Assim, pois, sendo as duas a mesma comunicação, e que, na do Livro dos
Médiuns, Kardec diz ter sido assinada por Jesus, concluímos, s.m.j., que Ele era
o Espírito que assinava como sendo o ESPÍRITO DE VERDADE.
Se essa conclusão estiver correta, agora sem mais nenhuma sombra de dúvida,
podemos afirmar que, apesar do seu aspecto científico, O Espiritismo é
Religião e, considerando a conclusão sobre quem é o ESPIRITO DE VERDADE,
temos mais um forte argumento para afirmar categoricamente que O Espiritismo
é Cristão e que O Espiritismo é o Cristianismo, na sua expressão mais
sublime, visto que o próprio Cristo veio trazer novamente à Humanidade seus
ensinamentos esquecidos por uns, deturpados por outros, e comercializados por
muitos.
Paulo da Silva Neto Sobrinho
Jan/2002.
Notas Bibliográficas:
1 – Citações de Allan Kardec podemos encontrar: RE – 1858 – pg. 2, 3, 204 e
301; RE – 1859 – pg. 5 e 136; RE – 1860 – pg. 1, 5, 293/4, 300 e 366; RE – 1861
– pg. 132, 136/7, 301, 303, 341/2, 343, 375/6 e 376/7; RE – 1862 – 264, 276 e
278; RE – 1863 – pp. 379; RE – 1864 – pg. 97/9, 106/7 e 204; RE – 1865 – pg. 93
e 188; RE – 1866 – pg. 113/4; RE – 1867 – pg. 271 e RE – 1868 – pg 354-62.

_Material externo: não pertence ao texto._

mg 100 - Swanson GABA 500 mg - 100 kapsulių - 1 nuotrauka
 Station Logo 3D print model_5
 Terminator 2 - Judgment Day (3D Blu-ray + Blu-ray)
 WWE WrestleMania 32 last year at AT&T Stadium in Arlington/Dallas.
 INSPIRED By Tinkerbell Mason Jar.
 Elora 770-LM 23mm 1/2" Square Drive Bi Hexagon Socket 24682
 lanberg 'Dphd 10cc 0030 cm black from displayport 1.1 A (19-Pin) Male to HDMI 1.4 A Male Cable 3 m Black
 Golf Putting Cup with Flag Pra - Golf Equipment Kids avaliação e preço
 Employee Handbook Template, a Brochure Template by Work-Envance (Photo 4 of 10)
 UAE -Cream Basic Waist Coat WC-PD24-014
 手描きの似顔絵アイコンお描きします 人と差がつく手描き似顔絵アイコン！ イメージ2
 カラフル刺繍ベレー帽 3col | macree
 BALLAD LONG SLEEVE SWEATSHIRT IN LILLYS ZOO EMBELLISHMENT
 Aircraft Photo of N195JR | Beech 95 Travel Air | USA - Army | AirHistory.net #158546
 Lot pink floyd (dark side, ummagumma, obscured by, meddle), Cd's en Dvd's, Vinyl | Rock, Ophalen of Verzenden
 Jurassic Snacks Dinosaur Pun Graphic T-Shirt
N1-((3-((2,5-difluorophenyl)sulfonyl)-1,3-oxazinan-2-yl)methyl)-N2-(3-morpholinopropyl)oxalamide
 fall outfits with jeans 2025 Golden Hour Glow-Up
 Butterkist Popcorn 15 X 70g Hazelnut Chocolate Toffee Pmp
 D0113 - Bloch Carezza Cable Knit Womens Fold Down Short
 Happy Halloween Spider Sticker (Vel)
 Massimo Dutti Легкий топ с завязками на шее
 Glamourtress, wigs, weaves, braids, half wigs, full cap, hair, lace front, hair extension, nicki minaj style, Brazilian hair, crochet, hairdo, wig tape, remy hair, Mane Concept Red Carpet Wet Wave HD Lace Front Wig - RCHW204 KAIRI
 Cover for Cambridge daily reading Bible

2 – Referências ao Espírito de Verdade: RE – 1861 – pg. 305, 348 e 356 e OP –
pg. 299.
3 – Livros consultados: RE= Revista Espírita, Allan Kardec, IDE, Araras, SP,
vol. I a XI; OP= Obras Póstumas, Allan Kardec, IDE, Araras, SP e LM= Livro dos
Médiuns, Allan Kardec, IDE, Araras, SP.